Guadalupe: Wedding Day

Newlyweds emerge from the cathedral

If you like religious art, the Ex-Convento de Guadalupe is the place to go. It’s a 30-minute bus ride from Plaza Bicentenario in Zacatecas. Bus fare is 5.5 pesos (39 US cents), and admission to the museum is 41 pesos (not quite US $3). You can sail through the museum and give everything a cursory once-over, or you can examine each painting and artifact carefully and spend hours in the place. The choice is yours.
Somewhere on the second floor, I am surprised by a sudden blast of mariachi music—live music. There is a little glassed-in alcove where I can look into the cathedral, and I see a wedding in progress. When I finish my tour of the museum, I decide to stick around for the end of the wedding. Maybe I can get a few photographs.
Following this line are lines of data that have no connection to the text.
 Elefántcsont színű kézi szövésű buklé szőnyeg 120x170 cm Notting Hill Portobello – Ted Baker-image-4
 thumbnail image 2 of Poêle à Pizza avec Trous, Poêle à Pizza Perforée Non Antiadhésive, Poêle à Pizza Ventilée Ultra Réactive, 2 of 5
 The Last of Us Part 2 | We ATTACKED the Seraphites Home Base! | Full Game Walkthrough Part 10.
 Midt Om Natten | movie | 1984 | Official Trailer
In blue jeans and sneakers, I am hardly dressed for a wedding. I feel like I’m living the biblical parable about the guy who shows up at a wedding without the proper attire. The king is offended, and orders the intruder to be thrown out into the darkness where “there shall be weeping and gnashing of teeth.” (You can read the story in Matthew 22.)
I hover near the entrance to the cathedral for at least 45 minutes, waiting for the wedding to end. No one asks me to leave, so I stay, and snap photo after photo, and I give thanks once again for the multitude of ways the people of Mexico welcome strangers into their midst.